◆ Your goal
May I have, exactly as written, the line containing "来大姨妈工作影响吗游戏画面" and every line after it through the end of the listing below, and nothing else?

◆ Available data
▽

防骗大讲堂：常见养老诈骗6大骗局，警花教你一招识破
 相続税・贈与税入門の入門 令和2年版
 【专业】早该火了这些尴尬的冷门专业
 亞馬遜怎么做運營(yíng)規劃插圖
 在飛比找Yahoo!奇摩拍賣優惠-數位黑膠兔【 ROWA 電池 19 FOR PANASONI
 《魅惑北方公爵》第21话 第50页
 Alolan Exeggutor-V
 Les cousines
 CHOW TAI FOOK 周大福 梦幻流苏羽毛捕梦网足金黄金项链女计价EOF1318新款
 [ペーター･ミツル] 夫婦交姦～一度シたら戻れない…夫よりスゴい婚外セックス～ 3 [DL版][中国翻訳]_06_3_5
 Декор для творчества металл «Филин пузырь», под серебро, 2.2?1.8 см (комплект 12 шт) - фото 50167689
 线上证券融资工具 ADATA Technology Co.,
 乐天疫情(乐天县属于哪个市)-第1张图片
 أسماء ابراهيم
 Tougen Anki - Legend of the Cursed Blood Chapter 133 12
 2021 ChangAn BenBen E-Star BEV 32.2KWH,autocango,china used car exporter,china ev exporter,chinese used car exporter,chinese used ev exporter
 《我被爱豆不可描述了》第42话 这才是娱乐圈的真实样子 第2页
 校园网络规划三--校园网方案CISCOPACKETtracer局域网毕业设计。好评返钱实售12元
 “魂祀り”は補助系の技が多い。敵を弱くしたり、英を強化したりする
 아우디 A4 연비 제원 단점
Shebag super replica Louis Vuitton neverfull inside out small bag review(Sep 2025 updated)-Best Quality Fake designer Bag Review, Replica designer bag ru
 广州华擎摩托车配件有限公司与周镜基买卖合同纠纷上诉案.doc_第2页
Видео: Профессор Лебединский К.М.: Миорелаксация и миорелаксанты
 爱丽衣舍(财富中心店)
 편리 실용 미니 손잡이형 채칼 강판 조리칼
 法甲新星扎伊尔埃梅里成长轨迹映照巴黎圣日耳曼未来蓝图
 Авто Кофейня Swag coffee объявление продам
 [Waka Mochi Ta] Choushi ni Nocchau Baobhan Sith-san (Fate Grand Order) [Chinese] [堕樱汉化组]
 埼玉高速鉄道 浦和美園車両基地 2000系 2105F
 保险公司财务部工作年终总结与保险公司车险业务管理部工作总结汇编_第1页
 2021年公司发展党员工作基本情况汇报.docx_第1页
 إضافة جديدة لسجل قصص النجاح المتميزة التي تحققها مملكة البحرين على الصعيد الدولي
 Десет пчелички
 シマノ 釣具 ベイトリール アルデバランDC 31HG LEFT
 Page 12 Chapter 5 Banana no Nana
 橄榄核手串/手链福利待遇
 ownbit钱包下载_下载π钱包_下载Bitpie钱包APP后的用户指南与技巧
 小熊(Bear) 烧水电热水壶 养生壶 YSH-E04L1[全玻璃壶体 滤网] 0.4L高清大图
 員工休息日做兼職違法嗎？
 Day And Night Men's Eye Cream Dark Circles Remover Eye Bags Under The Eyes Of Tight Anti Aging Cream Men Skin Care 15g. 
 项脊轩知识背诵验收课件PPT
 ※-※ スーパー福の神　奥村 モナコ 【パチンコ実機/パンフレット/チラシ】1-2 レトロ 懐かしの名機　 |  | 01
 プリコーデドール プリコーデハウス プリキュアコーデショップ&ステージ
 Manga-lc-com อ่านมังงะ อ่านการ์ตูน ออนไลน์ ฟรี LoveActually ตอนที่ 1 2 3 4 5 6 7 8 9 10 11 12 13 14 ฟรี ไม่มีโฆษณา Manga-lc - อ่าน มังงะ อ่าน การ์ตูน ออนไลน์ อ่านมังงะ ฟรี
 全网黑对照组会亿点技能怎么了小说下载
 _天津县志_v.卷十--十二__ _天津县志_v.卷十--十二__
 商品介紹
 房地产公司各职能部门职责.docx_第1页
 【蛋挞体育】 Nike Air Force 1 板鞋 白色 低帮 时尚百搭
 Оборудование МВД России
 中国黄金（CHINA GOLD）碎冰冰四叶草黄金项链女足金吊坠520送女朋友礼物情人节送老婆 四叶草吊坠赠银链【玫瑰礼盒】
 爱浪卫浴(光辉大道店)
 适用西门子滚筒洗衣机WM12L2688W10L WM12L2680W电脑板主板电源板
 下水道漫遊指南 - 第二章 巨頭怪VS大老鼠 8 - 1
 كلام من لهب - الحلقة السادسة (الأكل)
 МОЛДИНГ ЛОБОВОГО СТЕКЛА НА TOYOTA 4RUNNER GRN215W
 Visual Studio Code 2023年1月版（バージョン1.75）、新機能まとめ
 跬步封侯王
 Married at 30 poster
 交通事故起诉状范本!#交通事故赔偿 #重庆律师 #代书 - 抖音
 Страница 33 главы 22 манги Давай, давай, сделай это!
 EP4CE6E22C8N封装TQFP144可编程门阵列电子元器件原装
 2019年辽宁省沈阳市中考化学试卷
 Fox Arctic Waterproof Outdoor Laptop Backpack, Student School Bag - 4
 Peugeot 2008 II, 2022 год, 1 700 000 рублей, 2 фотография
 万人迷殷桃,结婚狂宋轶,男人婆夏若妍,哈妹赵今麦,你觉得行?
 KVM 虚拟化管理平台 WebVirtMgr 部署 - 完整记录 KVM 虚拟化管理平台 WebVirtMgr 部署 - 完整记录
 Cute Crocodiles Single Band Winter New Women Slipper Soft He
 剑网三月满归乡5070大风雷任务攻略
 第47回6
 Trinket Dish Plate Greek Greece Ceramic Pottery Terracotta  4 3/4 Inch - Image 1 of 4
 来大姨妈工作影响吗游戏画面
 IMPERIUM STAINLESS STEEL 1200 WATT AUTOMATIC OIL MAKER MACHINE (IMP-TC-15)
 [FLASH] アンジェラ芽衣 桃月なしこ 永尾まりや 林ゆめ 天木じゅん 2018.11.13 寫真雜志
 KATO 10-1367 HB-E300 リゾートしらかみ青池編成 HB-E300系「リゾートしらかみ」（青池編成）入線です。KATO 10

△

◆ Task response
 来大姨妈工作影响吗游戏画面
 IMPERIUM STAINLESS STEEL 1200 WATT AUTOMATIC OIL MAKER MACHINE (IMP-TC-15)
 [FLASH] アンジェラ芽衣 桃月なしこ 永尾まりや 林ゆめ 天木じゅん 2018.11.13 寫真雜志
 KATO 10-1367 HB-E300 リゾートしらかみ青池編成 HB-E300系「リゾートしらかみ」（青池編成）入線です。KATO 10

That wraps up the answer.